Un espacio cultural con vocación de futuro

Y mientras los otros —los del indio muerto y el patio traseropregonan el panamericanismo, que, en el fondo, solo es la explotación de los países ricos sobre los veintidós países pobres, el mundo hispánico aparece unido por vínculos históricos, culturales y religiosos. Pero, cuidado: esas repúblicas, veintidós, unidas a España y Portugal, suman más de 600 millones de habitantes, que comienzan a estar en condiciones de disputar la hegemonía a las grandes poblaciones asiáticas —India y China—.

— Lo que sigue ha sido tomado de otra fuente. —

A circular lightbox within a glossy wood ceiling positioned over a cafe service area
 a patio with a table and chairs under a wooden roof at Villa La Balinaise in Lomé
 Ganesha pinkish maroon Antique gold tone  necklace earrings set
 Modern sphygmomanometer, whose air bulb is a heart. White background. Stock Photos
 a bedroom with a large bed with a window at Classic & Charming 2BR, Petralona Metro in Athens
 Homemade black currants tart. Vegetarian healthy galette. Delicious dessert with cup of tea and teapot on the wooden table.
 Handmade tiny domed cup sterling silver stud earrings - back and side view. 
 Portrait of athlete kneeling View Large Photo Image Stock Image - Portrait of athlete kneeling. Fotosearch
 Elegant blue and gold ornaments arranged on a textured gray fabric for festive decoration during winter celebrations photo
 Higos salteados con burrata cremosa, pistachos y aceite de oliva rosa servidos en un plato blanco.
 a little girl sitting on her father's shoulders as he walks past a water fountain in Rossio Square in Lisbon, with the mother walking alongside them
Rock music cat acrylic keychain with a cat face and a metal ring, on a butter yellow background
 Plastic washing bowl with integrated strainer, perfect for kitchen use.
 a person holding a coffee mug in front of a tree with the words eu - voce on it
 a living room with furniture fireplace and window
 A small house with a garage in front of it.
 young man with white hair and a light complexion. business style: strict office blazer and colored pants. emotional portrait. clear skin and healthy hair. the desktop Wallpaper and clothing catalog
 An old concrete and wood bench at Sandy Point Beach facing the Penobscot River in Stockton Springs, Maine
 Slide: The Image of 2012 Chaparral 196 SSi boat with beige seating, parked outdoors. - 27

Cuyo crecimiento parece en riesgo de colapso, mientras que Iberoamérica es un continente casi vacío. El mestizaje es la más trascendente misión que puede afrontar el catolicismo en esta época, y nadie puede aportar más experiencia que España y Portugal, con Brasil como la nación con más católicos del mundo y México como la de más hispanohablantes. Vinculados por lengua, religión y cultura, con un 90 % de blancos en Argentina, un 63 % de indios en Bolivia y un 88 % de mestizos en Nicaragua, los "22+2" estamos en condiciones de afrontar más vínculos.